Archive for category ステレオサウンド

Date: 5月 26th, 2016
Cate: ステレオサウンド

ステレオサウンドについて(その40)

ステレオサウンド 49号の表紙はマッキントッシュのパワーアンプMC2300である。
光沢のあるタイルの床に置かれたMC2300の姿は、
当時、このパワーアンプに対して繊細なイメージをまったくもっていなかった私でも、
いいな、と思ってながめていた。

どことなく暑苦しいイメージを感じていたMC2300なのに、
49号の表紙では、どこか涼しげである。

49号の特集は「Hi-Fiコンポーネント《第1回STATE OF THE ART賞》選定」。
STATE OF THE ART賞は、ステレオサウンドにとって初めての企画である。

私が最初に手にしたステレオサウンド 41号の特集に近いといえばそういえるけれど、
それでもステレオサウンドにとって初めての企画といえよう。

49号のちょうど二年前に出た41号の特集は「コンポーネントステレオ──世界の一流品」だった。
特集の冒頭にある「ステート・オブ・ジ・アート選定にあたって」で、
瀬川先生が書かれている。
     *
 ステート・オブ・ジ・アートという英語は、その道の専門家でも日本語にうまく訳せないということだから、私のように語学に弱い人間には、その意味するニュアンスが本当に正しく掴めているかどうか……。
 ただ、わりあいにはっきりしていることは、それぞれの分野での頂点に立つ最高クラスの製品であるということ。

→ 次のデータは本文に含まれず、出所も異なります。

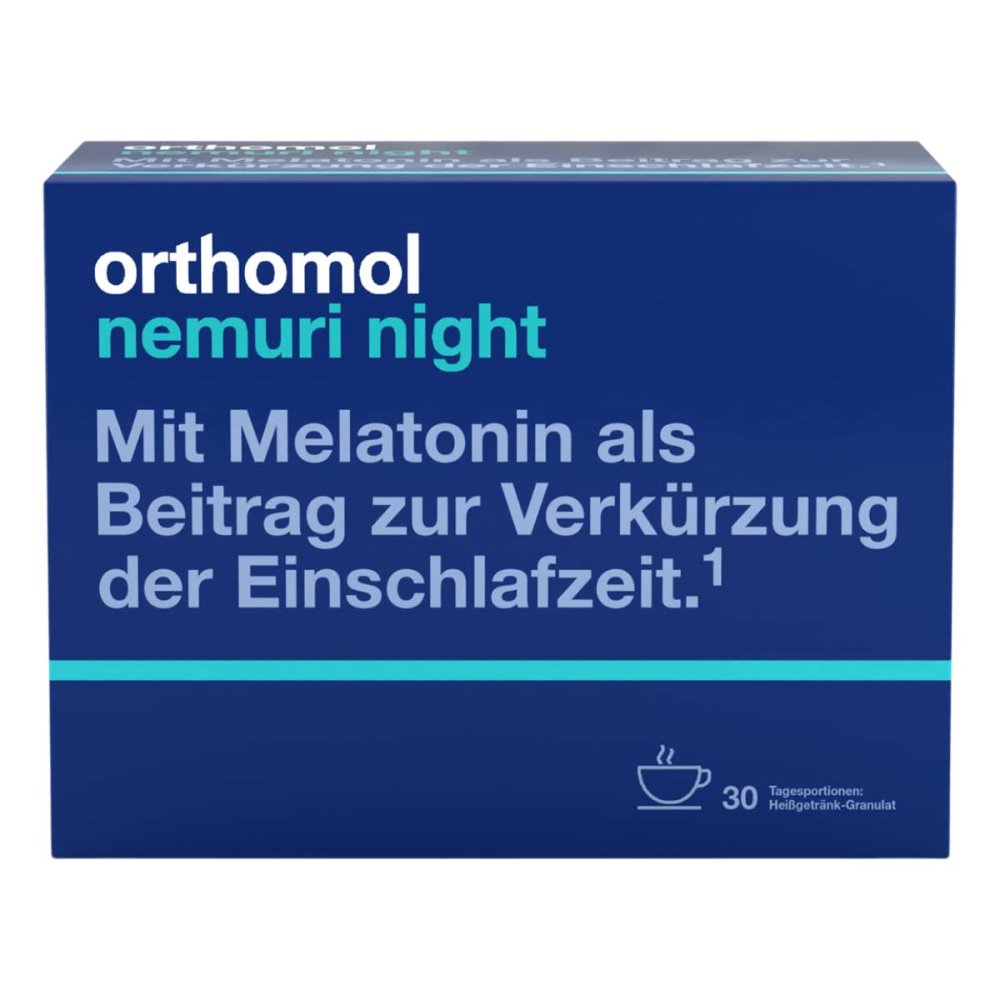 Orthomol pharmazeutische Orthomol Nemuri night Heißgetränk-Granulat 16918007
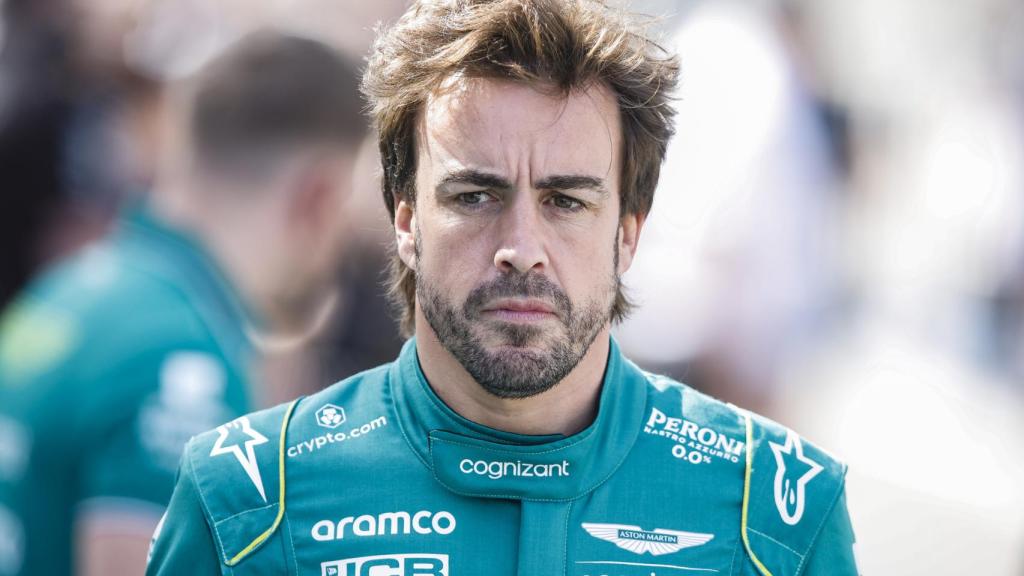 Fernando Alonso en el circuito de Sakhir en Bahréin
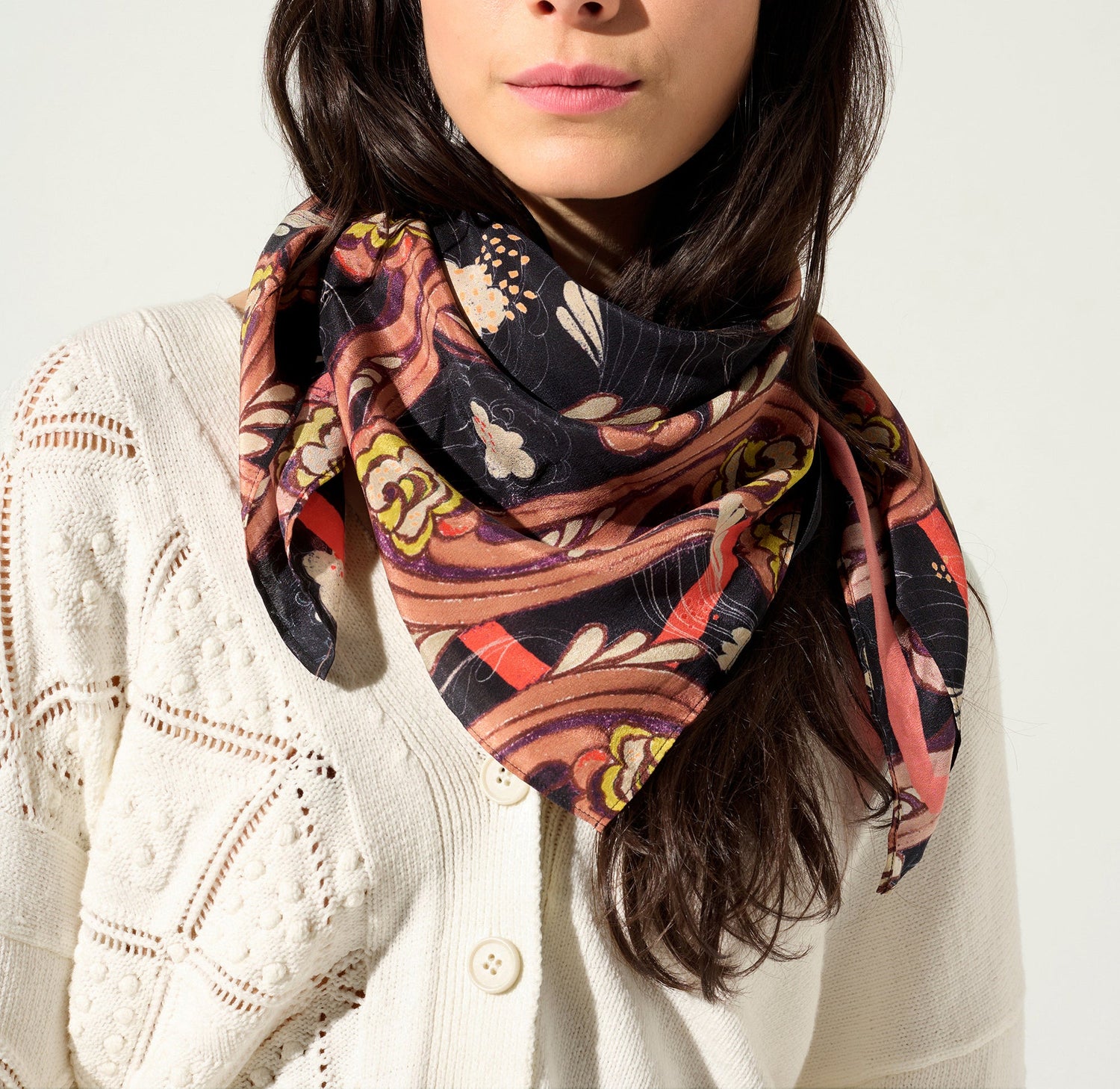 hemmed scarves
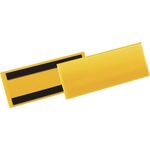 Etikettentasche B210xH74mm gelb magn.50 DURABLE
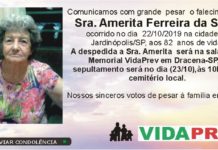 Falecimentos 23/10/19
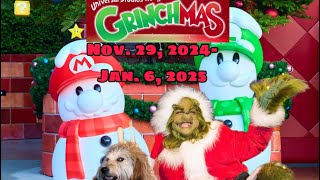 Grinchmas 2024 at Universal Studios Hollywood The Holidays returns Nov 29 2024  Jan 6 2025 [upl. by Niarbo]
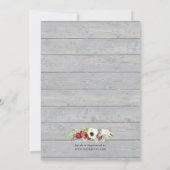 Rustige Waterverf Floral Wood Vrijgezellenfeest Kaart (Achterkant)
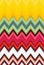 Multicolored zigzag rainbow wave pattern. wallpaper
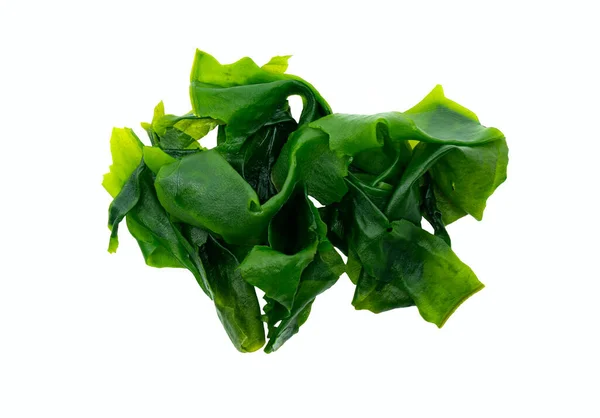 Top View Healthy Japanese Wakame Seaweeds Isolated Beautiful Wakame Seaweeds — Stock Photo, Image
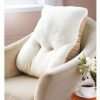 Sherpa Fleece Reversible Back Support Cushion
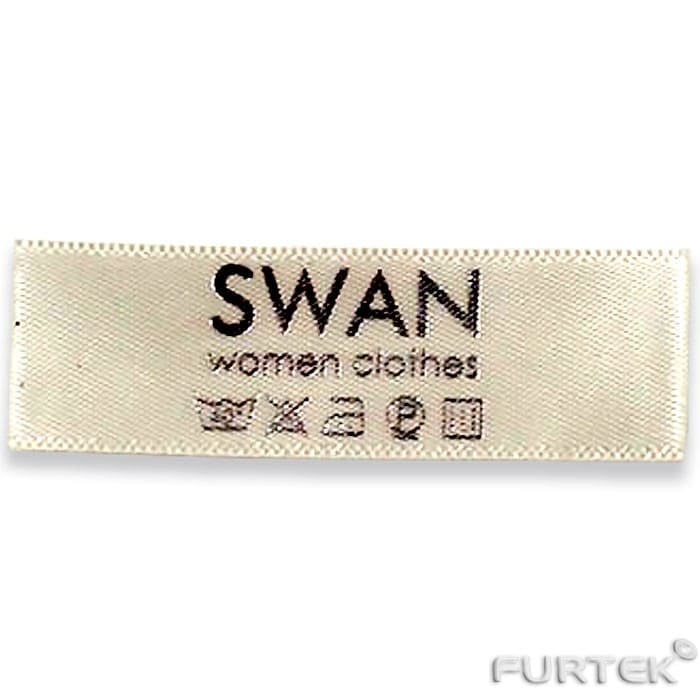 Жаккардовые этикетка Swan Women Cloihes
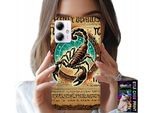 Custodia Per Motorola Moto G54 5G - Segno Zodiacale Dello Scorpione Astronomia + Foil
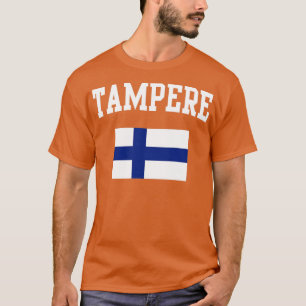 Tampere Finland Flag T-Shirt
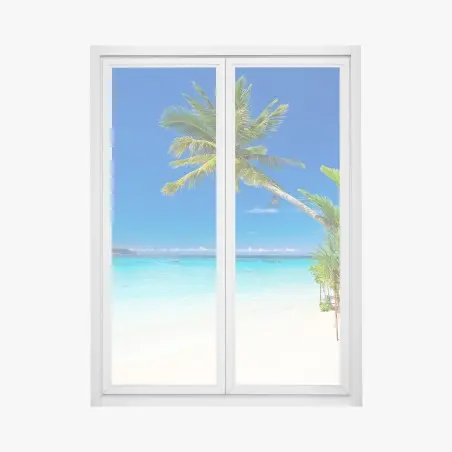 Adesivo per finestra fuga tropicale in Thailandia • Wallissimo®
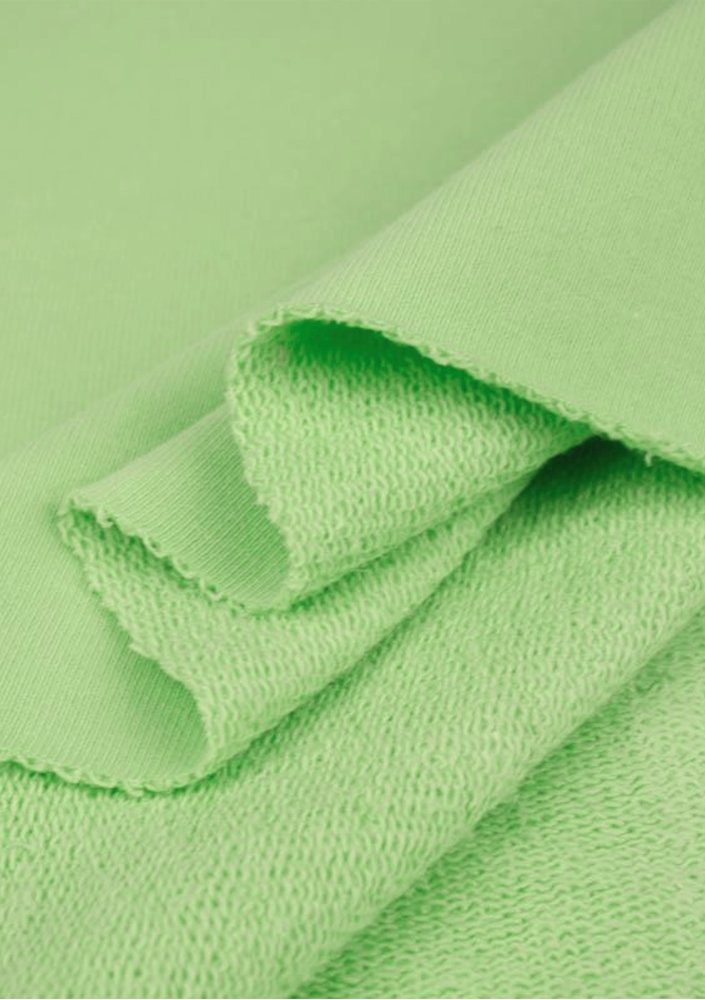 Polly - Lime green zip hoodie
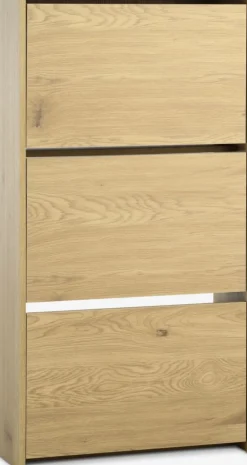 BAKHUSEZapatero BAKHUSE 3 compartimentos color roble cálido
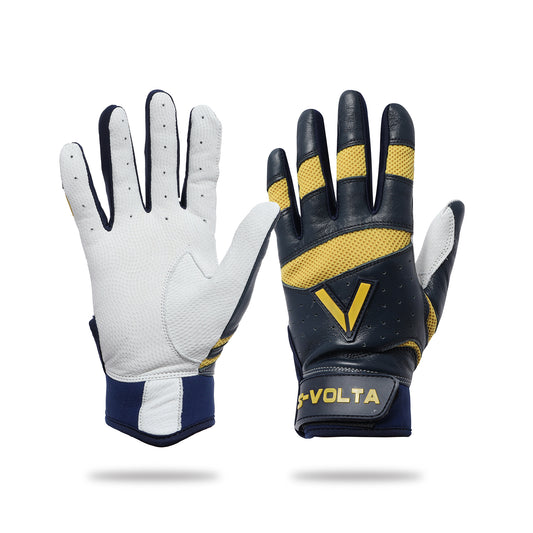 ハイクオリティーモデル バッティンググローブ 【NAVY × YELLOW】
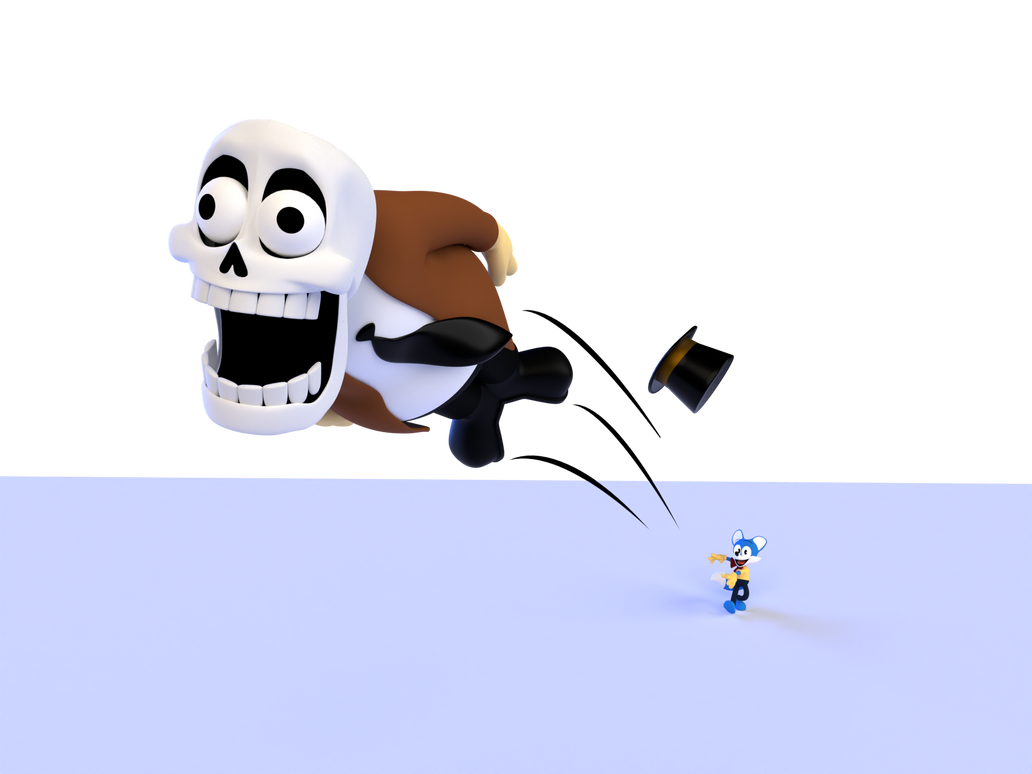 Comically Fat Bone Man Gets Thrown by Comically S- by TheLapisBlock22 ...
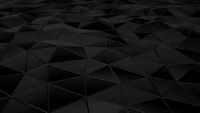 Symmetrical Black Abstract Pattern with Triangular Forms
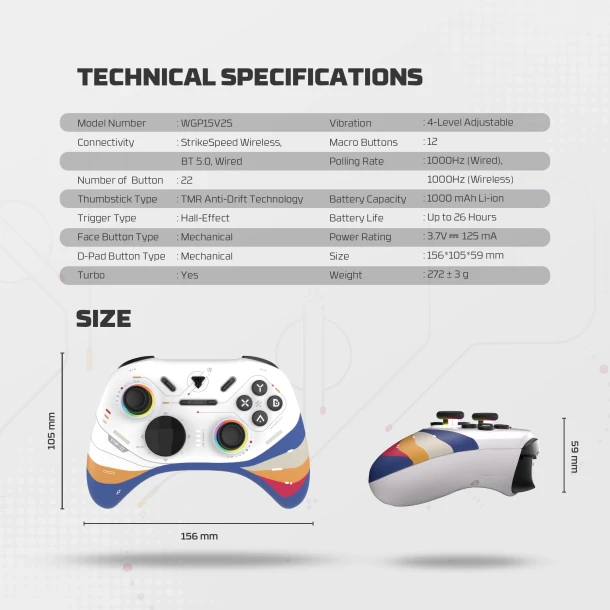 Fantech Wireless GamePad WGP15V2S EOS PRO II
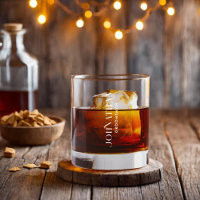 Groomsman Monogram Bridal Party Whiskey Glass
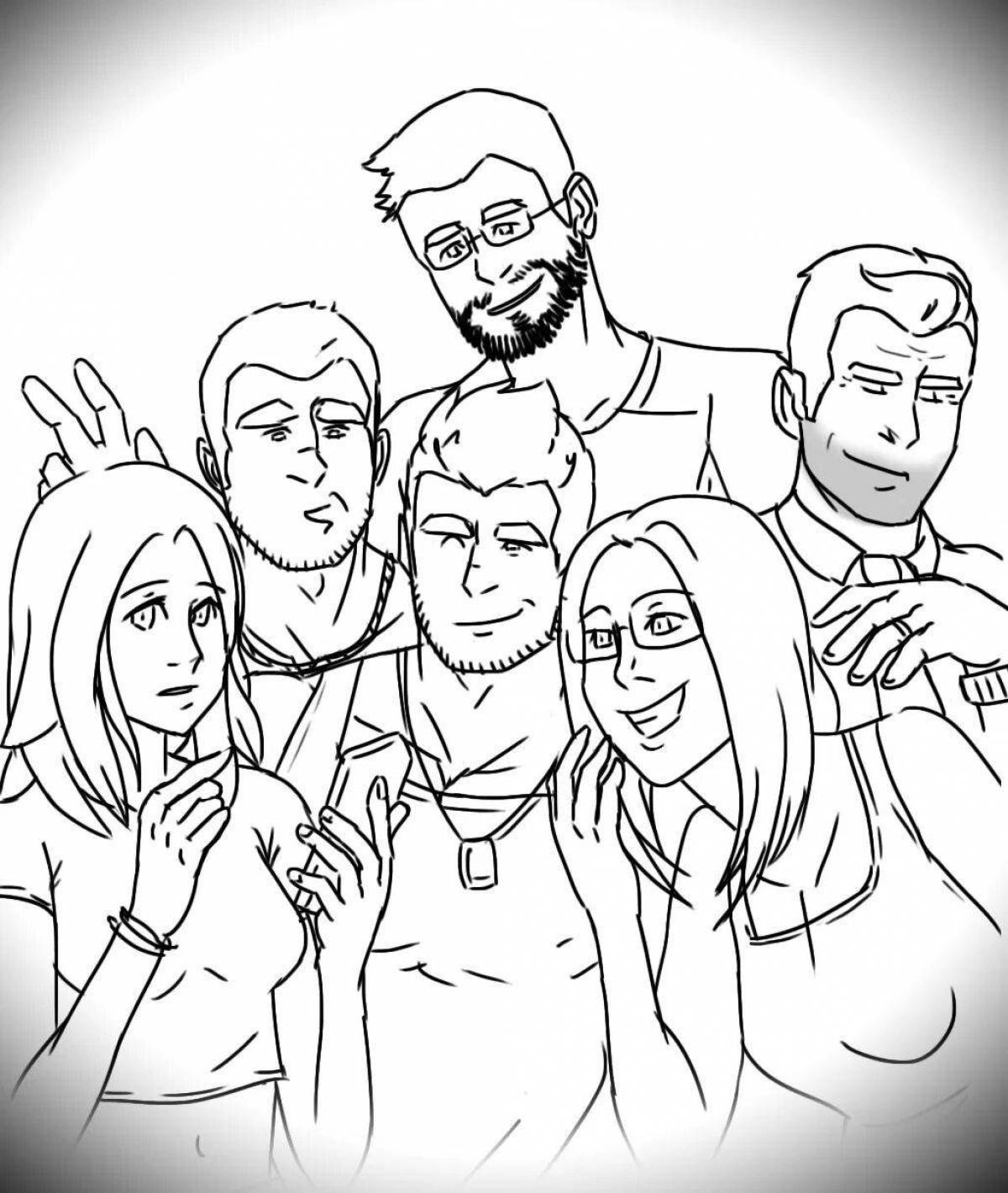 Attractive sims 4 coloring book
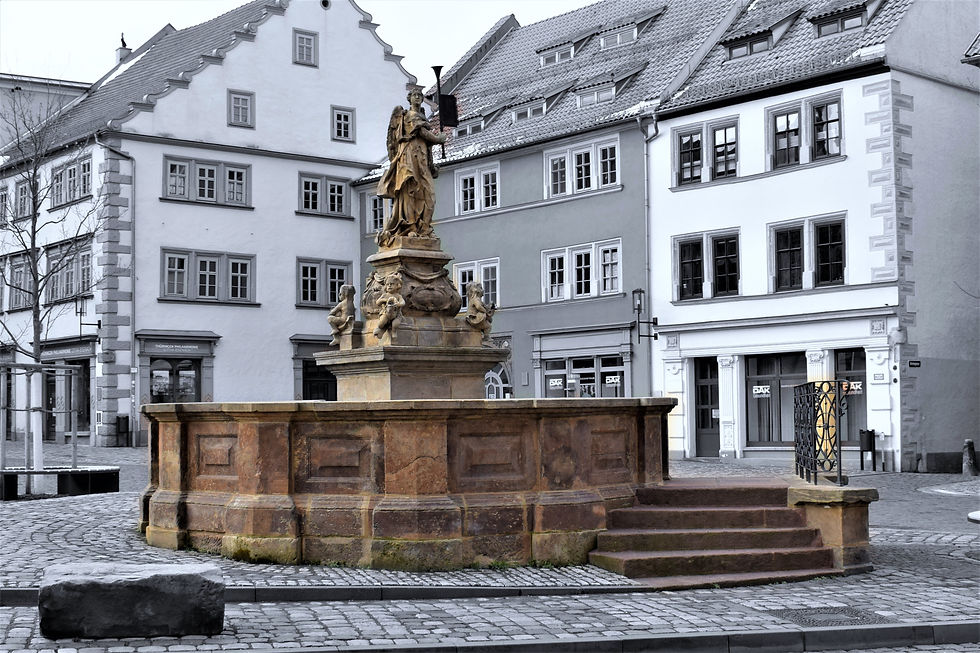 Gotha, Hauptmarkt, Schellenbrunnen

その意味では、すでに本誌41号(77年冬号)で特集した《世界の一流品》という意味あいに、かなり共通の部分がありそうだ。少なくとも、43号や47号での《ベストバイ》とは内容を異にする筈だ。
     *
41号と49号は誌面構成も近い。
それでも41号と49号は、違う。

まず41号はあくまで「世界の一流品」であり、それは賞ではなかった。
49号の特集がステレオサウンドにとって初めての企画なのは、
STATE OF THE ARTだからではなく、それが賞であるからだ。

Date: 5月 24th, 2016
Cate: ステレオサウンド

ステレオサウンドについて(その39)

ステレオサウンド 48号の第二特集は低音再生だった。
当時、ふたたびブームの兆しのあった3D方式の実験的試聴を行っている。

この第二特集の冒頭には、
井上先生による「音楽再生における低音の重要性を探る」があり、
低音再生の歴史、方式を俯瞰的にまとめたものだ。

三通りの試聴がある。
ブックシェルフ型スピーカーをベースにしたもの。
フロアー型スピーカーをベースにしたもの。
小型スピーカーをベースにしたものだ。

試聴風景の写真を見ると、相当数のスピーカーが集められているのがわかる。
これにサブウーファーが加わるのだから、かなり大変な試聴だったはずだ。

48号の新製品紹介の記事でも、サブウーファーが六機種取り上げられている。

記事だけではない。
このころ小型スピーカーの良質なモノが、各社から出てくるようになっていた。
そういう小型スピーカー専用として、コンパクトなサブウーファーも出てきはじめていた。

これはダイレクトドライブプレーヤーの普及により、
アナログディスク再生のS/N比の向上が一般化したためかもしれない。

ゴロの出るようなプレーヤーで聴いていたら、
低音の拡充はデメリットのほうが大きいのだから。

だから48号の中に、アナログプレーヤーと低音再生が、
第一、第二特集としてあるのは、編集部が意図したことなのか、たまたまなのか、
はっきりしないけれど、いい組合せであることは確かだ。

そうは思うのだが……、ここでもアナログプレーヤーの第一特集に共通する何かを感じていて、
読もうとすればするほど、何もつかめない感じさえしていた。

41号から読み始めたのだから、48号で丸二年読んでいた、
別冊も買っていた。
まだ二年であっても、それなりに読んできた。

にも関わらず48号は、くり返すが、私の中で決着がついていない。

Date: 5月 24th, 2016
Cate: ステレオサウンド

ステレオサウンドについて(その38)

ステレオサウンド 47号の「続・五味オーディオ巡礼」に関してはまだまだ書きたいことがある。
満足いくまで書いていたら、次(48号以降)に進めない。
それに「続・五味オーディオ巡礼」に関しては、まとめて書きたいことがあるので、
いつかあらたに書く予定だ。

48号にうつろう。
表紙はEMT・930stだ。
真上から撮ったカットであり、
930stがあらわしているように、48号の特集はアナログプレーヤーである。

タイトルは「ブラインドテストで探る〝音の良いプレーヤーシステム〟」。
ページ数も多い。

試聴方法もただ単にブラインドフォールドテストということに満足していない。
編集部が、ブラインドフォールドテストを復活させるとともに、試行錯誤がそこにあるようにも感じた。

試聴はかなりの手間だったと思う。
けれど、48号がそれまでのステレオサウンドと同じように読めたかというと、違った。

知りたいことが、伝わってこない感じがしていた。
これだけのことをやっているのだから、48号は面白いはず……、そう思い込もうとしていた。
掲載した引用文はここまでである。